好景気のなかにあれば初穂料を惜しむ心理は軽減され、逆に現下の好況に感謝し、より高額の初穂料を出す気持ちにもなるだろう。正月の外出先を近場での初詣に選びながら、初穂料を吝嗇してしまうという、平均的な初詣客の心理状態に、現下の不景気の深刻さを感じざるをえない。
■♪おかいもの♪おかいもの
久伊豆神社での参拝後、レイクタウンSCに足を伸ばしてみた。噂はよく耳に届くものの、今まで行ったことがないため、せっかくの機会と考えてみた次第。久伊豆神社出発が日没時点になったため、混雑は薄らぐ時間帯のはずという読みもあった。
その認識はまったく甘かった。レイクタウンSC到着は17時半頃であったろうか。まだまだ大混雑なのである。最近愛用しているクリスピー・ドーナツ(試食のドーナツが出来たてで美味)などは30分待ちの行列ができていた。
歩き回るにつれ、レイクタウンSCの規模広壮さに圧倒される。埼玉南西部にはイオンが近頃林立しており、筆者の感覚では、川口グリーンシティ<川口ダイヤモンドシティ≪浦和美園≪レイクタウンという序列になる。近年開業したばかりの浦和美園でさえ霞んで見えてしまうほどで、同じイオンでこれほど競合的な出店をしていいものかどうか、他人事ながらたいへん気になる。また、アリオ西新井はもとより、アリオ亀有と比べても魅力が多い場所で、東京都内もじゅうぶん商圏に入ってくるだろう。

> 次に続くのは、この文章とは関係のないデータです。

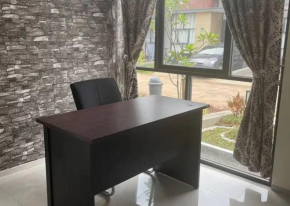 Guest House Exclusive at Sawangan - Golden Estesia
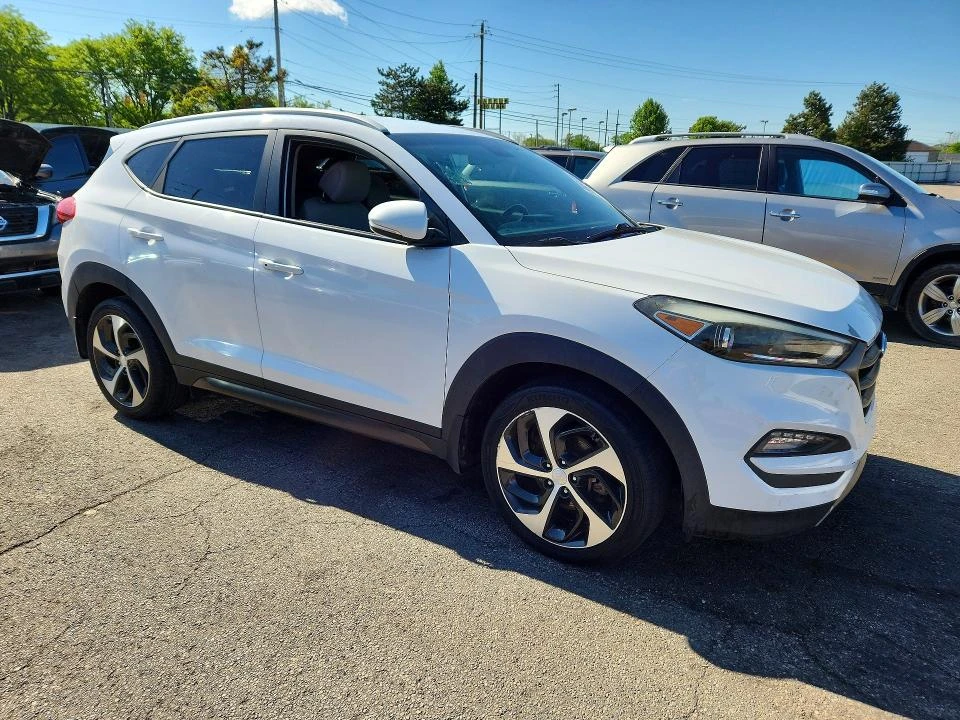 Hyundai Tucson 1.6L 4 FRONT WHEEL DRIVE | Mobile.bg � ����������� 4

正月ゆえに客足が多いのかもしれないが、混み具合を比較してみても、アリオ西新井や川口ダイヤモンドシティの19時頃の状況が、レイクタウンの21時頃に相当するような感じで、なんとも賑々しい。
あまりにも広くて、歩き回るのに疲れるという問題があるものの、店構えにはおおいに魅力的だ。個々の専門店の客層は狭くとも、これだけの数が揃えば総体としてストライク・ゾーンが広く、多種多様な客層に訴求することが可能だ。しかも、多くの客で賑わえば、それ自体が魅力になるという要素もある。正月に遠出を控え、近場で済ませる行先としては、なんとも好適ではあるまいか。レイクタウンSCの好況よりむしろ、その背後にある不景気のほうが、どうしても気になるところである。
レイクタウンSCについては、規模が大きすぎるため、どのように伝えたところでその断片しか伝えられない憾みが残る。ただし、交通論として採り上げても面白い断面があるため、このへんを切り口として、いくつか記事をまとめてみたいと考えている。